Acaba de cumplirse un quinquenio del último golpe de Estado en Paraguay, y de nuevo los partidos, movimientos y organizaciones sociales están perdiendo la oportunidad de encauzar políticas correctivas al marasmo estatal que padece el país.
Hace cinco años, el 22 de junio de 2012, fuerzas locales obedientes a consorcios estadounidenses del agronegocio y el extractivismo condenaron al presidente Fernando Lugo en un juicio político desquiciado, sin un mínimo fundamento moral ni jurídico, poniendo fin al mejor y también más ingenuo gobierno que ha tenido Paraguay en las últimas siete u ocho décadas.
La entonces embajadora de Estados Unidos, Liliana Ayalde, fue pieza clave en el montaje del plan golpista que, entre almuerzos y cenas, fue reclutando esbirros locales, entre ellos el vicepresidente Federico Franco, del Partido Liberal. La “Operación Paraguay” comprendió incluso, una semana antes del juicio político a Lugo, el asesinato de 11 campesinos y de seis policías, pretexto planificado para que el parlamento calificara al presidente de inepto y lo destituyera.
Al ex obispo, un enigmático personaje de pensamiento difícil de describir hasta hoy, la derecha golpista sólo debería agradecerle, porque la política del Ejecutivo en los cuatro años que duró su truncado mandato para nada afectó a las viejas estructuras del poder semifeudal imperante en el país.

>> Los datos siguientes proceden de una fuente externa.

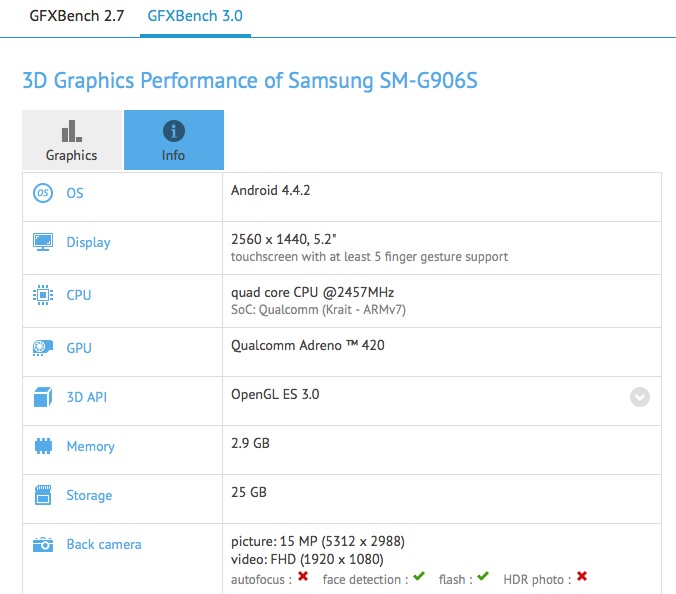 Samsung Galaxy Note 4 : un écran QHD et une sortie en octobre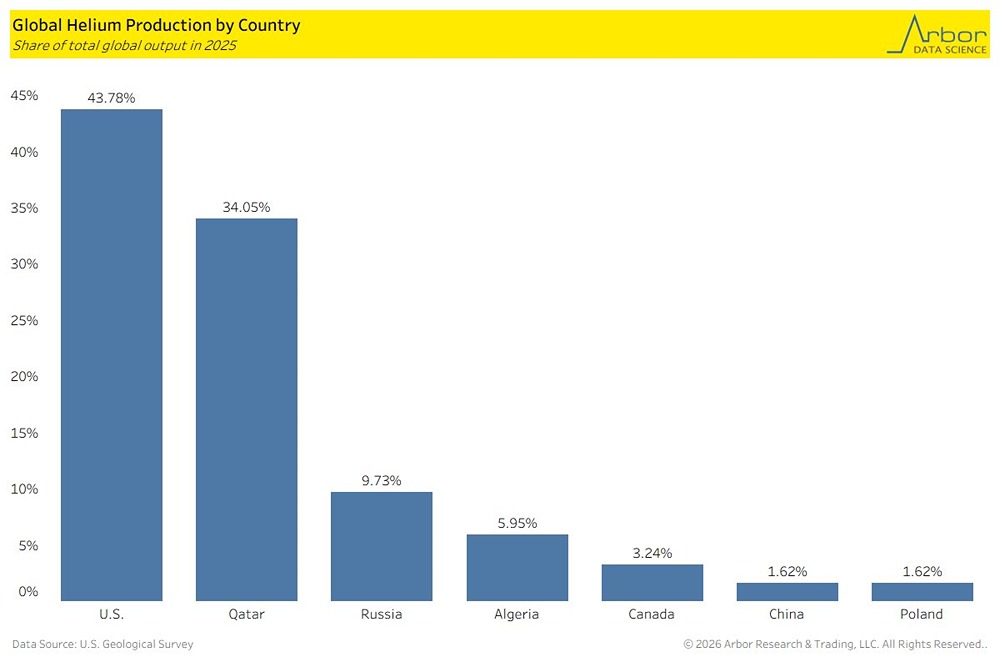 На долю Катара приходится 34% мирового производства гелия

Cuando el ex dictador Alfredo Stroessner fue separado del sillón por sus más próximos vasallos, la coyuntura fue capitalizada con inteligencia por la Usaid y otras agencias del espionaje estadounidense que habían comprendido muy bien que la oposición al tiranosaurio era más emocional que revolucionaria. La respuesta táctica, exitosa hasta hoy, fue llenar el país de Ong bien financiadas, a cargo de buena parte de los líderes jóvenes, lo cual desbarató el abanico de la resistencia que aún hoy continúa sin identificarse, y menos articularse. La actividad política enmudeció y la transición hacia un sistema democrático se paralizó en una simple transacción cuartelera-empresarial con una figuración lastimosa de los aparatos partidarios y la desaparición de la militancia juvenil, que recién hace dos años se ha empezado a recomponer –el hecho político quizás más positivo de la actualidad.
La división campea en el mapa político paraguayo. Sólo aparece unida y disciplinada la Federación Nacional Campesina, aunque tocando techo, tras casi un cuarto de siglo reclamando tierra con sus marchas anuales sobre Asunción sin lograr sensibilizar a los poderes ni a la ciudadanía. Sus conductores sostienen sin embargo con optimismo que contribuyen “a reforzar la conciencia ideológica de la gente, con el firme propósito de construir una patria para todos”.
El Partido Colorado, que implosionó en 2008 por la victoria de Lugo, sigue alquilado por el presidente y megaempresario Horacio Cartes, que lo usó como trampolín para encumbrarse. El vacío opositor ha permitido que el dinero mal habido predomine en las decisiones políticas, consagrando el absolutismo de Cartes en el control de la Corte Suprema y la Fiscalía General, el Consejo de la Magistratura y el Jurado de Enjuiciamiento de Magistrados.
No obstante, a diez meses de las elecciones nacionales y en medio de un clima político confuso, el presidente se deteriora. Ha perdido el bastón aunque conserva la lapicera, y, alejado del pueblo, despierta desconfianza entre sus propios patrones, incluso de la Casa Blanca, como se desprende de la afanosa búsqueda de méritos que expresa en la Oea su canciller, el estronista Eladio Loizaga, fanatizado por asociarse al secretario general, Luis Almagro, en la cruzada contra Venezuela.
Cartes, prometedor futbolista en su rutilante adolescencia, desde muy joven hábil piloto para todo servicio transfronterizo con nexos en la intimidad estronista, devino empresario exitoso luego de estafar en varios millones de dólares al Banco Central, por lo que, según crónicas de la época, terminó condenado a prisión. El dinero siempre ha sido su principal aliado y el motor de su vida, pero parece que habría entrado a traicionarlo en su aventura de aprendiz de político.